**Your task**
Report each line of the data that has "Online" somewhere in it.

**Data in this exercise**
::::
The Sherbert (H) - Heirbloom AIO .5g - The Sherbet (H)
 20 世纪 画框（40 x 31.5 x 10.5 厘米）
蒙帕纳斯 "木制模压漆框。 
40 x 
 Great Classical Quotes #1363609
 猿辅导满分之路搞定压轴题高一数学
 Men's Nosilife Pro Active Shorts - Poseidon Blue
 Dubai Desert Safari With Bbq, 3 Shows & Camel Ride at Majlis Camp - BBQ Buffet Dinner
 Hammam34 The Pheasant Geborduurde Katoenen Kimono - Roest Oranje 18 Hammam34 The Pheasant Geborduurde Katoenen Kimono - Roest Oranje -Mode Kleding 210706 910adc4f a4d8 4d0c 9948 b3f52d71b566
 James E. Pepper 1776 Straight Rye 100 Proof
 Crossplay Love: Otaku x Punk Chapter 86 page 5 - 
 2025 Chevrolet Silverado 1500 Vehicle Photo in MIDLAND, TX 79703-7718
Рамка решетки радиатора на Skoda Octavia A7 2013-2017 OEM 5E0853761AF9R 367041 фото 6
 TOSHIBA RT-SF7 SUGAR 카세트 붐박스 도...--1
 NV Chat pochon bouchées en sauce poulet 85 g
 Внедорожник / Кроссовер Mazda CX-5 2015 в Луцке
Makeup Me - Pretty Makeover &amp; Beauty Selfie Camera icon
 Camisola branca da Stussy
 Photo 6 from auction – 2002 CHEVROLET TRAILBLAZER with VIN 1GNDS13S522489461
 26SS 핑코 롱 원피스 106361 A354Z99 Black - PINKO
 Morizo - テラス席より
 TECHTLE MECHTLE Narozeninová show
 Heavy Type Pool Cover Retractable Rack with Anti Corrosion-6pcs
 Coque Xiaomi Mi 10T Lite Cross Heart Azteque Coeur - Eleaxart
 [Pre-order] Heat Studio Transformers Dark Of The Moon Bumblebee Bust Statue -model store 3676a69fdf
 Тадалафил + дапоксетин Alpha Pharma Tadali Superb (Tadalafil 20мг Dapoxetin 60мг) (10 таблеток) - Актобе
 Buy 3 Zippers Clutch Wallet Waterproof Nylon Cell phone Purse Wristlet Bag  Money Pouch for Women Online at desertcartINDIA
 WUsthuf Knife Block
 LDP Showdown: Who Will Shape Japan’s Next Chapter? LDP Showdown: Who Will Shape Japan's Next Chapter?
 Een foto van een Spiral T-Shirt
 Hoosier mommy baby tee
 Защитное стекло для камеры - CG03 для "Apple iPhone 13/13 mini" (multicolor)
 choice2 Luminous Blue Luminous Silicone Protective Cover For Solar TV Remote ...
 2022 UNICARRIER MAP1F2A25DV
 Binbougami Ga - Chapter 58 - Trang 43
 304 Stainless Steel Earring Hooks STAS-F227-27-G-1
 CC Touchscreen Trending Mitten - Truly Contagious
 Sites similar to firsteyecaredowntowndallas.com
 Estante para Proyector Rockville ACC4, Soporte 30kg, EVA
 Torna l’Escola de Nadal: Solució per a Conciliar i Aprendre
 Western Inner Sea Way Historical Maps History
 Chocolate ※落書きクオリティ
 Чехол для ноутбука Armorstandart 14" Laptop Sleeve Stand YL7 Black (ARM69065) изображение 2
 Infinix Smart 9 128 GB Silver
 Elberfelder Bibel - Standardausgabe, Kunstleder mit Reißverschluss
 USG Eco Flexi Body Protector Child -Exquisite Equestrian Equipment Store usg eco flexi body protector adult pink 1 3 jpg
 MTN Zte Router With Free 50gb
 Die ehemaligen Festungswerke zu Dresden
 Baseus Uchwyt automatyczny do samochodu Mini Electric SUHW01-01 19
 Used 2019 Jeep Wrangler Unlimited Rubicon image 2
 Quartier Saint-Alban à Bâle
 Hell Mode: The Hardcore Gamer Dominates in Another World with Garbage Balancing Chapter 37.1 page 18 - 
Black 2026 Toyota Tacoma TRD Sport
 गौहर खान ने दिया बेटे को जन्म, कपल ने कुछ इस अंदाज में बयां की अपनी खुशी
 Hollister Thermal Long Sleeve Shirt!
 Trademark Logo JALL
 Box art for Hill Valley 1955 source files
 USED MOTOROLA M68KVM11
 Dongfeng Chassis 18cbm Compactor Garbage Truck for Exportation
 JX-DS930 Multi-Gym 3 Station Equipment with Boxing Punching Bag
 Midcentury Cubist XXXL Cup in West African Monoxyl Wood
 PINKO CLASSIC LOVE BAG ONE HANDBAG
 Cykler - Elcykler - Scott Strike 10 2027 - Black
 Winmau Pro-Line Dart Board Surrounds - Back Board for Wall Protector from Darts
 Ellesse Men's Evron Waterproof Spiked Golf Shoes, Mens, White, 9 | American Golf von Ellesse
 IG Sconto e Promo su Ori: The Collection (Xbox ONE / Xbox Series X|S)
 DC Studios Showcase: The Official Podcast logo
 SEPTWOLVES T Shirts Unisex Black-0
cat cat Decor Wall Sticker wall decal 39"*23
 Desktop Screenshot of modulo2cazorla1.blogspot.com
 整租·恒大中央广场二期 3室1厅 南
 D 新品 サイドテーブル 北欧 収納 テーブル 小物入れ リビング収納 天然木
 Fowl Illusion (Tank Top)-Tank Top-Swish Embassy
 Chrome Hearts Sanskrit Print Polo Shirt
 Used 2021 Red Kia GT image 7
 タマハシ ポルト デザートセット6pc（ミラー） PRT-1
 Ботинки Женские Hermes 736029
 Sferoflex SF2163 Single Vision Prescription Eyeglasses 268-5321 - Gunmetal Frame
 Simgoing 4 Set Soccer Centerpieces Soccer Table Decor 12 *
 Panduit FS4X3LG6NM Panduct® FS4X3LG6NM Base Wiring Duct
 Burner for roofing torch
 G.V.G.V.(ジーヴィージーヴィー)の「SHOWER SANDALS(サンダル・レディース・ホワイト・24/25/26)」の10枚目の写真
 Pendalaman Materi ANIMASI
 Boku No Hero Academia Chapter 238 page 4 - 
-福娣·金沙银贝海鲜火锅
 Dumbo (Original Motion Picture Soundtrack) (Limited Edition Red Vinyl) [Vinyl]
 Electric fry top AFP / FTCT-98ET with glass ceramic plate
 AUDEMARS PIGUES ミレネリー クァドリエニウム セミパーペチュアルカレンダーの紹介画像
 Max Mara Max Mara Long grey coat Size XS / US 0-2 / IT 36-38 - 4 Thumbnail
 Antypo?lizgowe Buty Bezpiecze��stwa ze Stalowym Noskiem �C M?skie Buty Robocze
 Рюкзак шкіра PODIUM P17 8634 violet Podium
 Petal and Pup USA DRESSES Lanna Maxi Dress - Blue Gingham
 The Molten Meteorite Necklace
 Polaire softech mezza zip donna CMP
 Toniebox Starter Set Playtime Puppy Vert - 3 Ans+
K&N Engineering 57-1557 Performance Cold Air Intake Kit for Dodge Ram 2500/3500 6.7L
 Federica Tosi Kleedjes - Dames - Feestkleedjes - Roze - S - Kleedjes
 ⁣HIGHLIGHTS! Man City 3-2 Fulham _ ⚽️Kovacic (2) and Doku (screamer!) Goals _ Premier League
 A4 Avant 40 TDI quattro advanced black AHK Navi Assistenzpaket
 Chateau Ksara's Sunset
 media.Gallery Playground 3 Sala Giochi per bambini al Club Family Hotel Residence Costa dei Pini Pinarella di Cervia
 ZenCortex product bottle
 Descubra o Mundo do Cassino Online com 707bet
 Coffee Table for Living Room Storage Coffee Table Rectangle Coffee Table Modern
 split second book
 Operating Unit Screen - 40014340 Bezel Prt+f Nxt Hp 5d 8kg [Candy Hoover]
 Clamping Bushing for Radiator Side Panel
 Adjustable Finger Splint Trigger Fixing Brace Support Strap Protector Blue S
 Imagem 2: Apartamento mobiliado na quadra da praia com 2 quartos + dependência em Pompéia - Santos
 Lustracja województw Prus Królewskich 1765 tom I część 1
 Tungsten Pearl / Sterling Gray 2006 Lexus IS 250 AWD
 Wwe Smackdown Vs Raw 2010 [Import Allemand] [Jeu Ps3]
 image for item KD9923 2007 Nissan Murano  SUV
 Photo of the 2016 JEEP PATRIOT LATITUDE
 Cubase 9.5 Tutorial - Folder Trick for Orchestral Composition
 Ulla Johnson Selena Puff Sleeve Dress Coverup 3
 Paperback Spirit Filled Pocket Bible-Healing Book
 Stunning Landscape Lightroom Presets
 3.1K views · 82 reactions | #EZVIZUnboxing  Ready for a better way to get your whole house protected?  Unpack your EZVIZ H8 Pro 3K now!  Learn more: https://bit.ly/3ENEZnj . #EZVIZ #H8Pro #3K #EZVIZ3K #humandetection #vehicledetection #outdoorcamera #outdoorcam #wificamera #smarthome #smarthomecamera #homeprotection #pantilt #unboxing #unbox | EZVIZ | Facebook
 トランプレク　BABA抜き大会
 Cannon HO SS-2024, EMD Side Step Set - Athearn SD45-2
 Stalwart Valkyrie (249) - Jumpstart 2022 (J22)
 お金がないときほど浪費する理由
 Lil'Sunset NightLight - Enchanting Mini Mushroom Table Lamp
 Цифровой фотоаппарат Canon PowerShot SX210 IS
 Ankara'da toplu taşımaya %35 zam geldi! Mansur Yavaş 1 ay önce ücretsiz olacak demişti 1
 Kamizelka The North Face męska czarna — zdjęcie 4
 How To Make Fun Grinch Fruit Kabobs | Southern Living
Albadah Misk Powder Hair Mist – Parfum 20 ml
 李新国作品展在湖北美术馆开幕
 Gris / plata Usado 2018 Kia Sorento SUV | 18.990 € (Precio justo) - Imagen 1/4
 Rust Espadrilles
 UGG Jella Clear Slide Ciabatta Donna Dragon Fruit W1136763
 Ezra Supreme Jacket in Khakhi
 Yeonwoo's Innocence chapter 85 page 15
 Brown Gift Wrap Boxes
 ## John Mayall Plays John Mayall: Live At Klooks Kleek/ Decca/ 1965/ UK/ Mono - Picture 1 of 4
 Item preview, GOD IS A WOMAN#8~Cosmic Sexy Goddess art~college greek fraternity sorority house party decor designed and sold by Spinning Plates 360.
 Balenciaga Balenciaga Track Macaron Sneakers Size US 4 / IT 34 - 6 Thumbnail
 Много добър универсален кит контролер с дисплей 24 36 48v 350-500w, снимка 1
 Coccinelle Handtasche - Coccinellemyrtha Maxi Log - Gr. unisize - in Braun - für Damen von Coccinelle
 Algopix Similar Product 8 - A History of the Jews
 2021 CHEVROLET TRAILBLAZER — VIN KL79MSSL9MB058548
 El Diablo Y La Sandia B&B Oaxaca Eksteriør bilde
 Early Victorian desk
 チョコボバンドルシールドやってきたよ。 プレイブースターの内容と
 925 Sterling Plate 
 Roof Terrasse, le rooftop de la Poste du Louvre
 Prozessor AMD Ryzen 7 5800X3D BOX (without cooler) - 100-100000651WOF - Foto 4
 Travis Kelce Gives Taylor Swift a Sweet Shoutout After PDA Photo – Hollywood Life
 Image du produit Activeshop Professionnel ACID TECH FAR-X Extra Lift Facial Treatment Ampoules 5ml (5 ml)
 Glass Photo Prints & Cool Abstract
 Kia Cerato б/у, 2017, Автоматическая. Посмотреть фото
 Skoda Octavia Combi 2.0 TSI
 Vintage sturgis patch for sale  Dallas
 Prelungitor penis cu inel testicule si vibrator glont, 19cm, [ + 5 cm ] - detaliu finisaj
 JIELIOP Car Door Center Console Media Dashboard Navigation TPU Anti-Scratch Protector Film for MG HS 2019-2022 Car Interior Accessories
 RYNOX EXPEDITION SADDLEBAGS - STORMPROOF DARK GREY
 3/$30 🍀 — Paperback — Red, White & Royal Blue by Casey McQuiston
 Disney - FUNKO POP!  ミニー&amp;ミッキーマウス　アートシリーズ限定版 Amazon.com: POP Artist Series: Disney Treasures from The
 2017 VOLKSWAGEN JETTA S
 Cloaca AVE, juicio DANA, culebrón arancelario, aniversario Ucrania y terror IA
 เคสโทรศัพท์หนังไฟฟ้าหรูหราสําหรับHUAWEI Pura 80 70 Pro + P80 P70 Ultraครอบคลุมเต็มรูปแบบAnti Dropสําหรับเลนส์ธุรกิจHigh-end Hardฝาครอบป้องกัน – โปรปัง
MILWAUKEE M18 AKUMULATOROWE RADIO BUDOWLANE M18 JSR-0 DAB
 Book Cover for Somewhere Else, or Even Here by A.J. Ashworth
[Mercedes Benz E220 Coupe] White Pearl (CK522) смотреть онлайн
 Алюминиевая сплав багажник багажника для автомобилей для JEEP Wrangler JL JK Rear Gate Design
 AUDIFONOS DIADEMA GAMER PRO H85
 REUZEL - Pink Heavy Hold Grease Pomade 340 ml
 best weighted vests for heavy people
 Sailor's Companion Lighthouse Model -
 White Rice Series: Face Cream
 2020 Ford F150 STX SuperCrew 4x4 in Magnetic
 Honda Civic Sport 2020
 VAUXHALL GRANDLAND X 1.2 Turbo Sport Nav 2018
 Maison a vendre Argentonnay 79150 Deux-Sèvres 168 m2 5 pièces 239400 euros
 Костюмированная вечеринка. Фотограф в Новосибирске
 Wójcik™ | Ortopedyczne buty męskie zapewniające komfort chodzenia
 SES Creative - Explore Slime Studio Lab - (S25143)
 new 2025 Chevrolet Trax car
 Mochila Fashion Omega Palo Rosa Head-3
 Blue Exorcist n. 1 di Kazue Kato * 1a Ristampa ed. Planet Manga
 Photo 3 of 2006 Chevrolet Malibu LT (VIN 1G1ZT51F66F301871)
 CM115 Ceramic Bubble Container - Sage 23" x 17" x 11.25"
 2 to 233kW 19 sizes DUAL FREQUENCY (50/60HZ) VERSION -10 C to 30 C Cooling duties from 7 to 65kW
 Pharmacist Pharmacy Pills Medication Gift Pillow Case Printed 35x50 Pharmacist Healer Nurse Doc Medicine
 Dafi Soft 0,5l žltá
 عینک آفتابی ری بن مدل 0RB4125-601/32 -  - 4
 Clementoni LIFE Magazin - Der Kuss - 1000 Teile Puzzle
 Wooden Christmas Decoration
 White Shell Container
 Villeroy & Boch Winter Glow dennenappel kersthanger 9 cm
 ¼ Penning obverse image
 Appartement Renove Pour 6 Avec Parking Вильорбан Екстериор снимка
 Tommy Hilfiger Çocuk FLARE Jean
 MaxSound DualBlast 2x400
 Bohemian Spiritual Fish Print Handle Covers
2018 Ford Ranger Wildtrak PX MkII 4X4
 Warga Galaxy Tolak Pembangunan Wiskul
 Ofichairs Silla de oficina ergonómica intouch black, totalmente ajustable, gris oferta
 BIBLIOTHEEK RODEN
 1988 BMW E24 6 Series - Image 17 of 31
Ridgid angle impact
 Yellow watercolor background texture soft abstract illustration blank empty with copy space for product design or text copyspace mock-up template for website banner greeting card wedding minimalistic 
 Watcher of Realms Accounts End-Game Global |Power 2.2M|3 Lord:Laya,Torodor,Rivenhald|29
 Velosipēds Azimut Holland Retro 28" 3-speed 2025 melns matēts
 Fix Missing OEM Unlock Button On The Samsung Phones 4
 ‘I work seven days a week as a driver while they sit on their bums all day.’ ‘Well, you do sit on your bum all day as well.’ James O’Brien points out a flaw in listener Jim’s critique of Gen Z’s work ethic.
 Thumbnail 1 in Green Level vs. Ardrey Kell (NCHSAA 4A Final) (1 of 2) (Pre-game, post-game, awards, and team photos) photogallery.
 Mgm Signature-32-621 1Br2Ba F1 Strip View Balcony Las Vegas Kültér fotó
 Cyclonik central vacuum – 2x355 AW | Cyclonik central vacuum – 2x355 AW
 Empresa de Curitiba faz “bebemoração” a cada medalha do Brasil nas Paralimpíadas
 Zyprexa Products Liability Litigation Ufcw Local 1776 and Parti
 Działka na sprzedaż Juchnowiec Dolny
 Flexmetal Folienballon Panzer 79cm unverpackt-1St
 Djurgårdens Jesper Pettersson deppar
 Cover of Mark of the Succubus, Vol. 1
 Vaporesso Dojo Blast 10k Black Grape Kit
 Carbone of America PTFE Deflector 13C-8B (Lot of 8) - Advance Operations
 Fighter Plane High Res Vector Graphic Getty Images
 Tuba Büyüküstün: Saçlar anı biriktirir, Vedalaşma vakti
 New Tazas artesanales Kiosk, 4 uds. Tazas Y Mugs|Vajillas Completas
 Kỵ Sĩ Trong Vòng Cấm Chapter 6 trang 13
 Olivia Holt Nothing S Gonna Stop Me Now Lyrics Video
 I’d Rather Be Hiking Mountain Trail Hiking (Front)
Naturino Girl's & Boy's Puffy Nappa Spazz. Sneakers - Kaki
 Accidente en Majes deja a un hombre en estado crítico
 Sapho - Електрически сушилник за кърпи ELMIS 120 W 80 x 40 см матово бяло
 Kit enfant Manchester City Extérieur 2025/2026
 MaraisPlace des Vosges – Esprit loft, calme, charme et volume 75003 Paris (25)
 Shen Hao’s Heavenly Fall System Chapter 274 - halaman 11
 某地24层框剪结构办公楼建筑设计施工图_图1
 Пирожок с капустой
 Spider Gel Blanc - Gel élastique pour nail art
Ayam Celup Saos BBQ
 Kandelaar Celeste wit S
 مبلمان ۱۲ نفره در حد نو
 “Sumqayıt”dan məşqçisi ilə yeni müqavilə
::::
**The answer**
 Buy 3 Zippers Clutch Wallet Waterproof Nylon Cell phone Purse Wristlet Bag  Money Pouch for Women Online at desertcartINDIA
 Descubra o Mundo do Cassino Online com 707bet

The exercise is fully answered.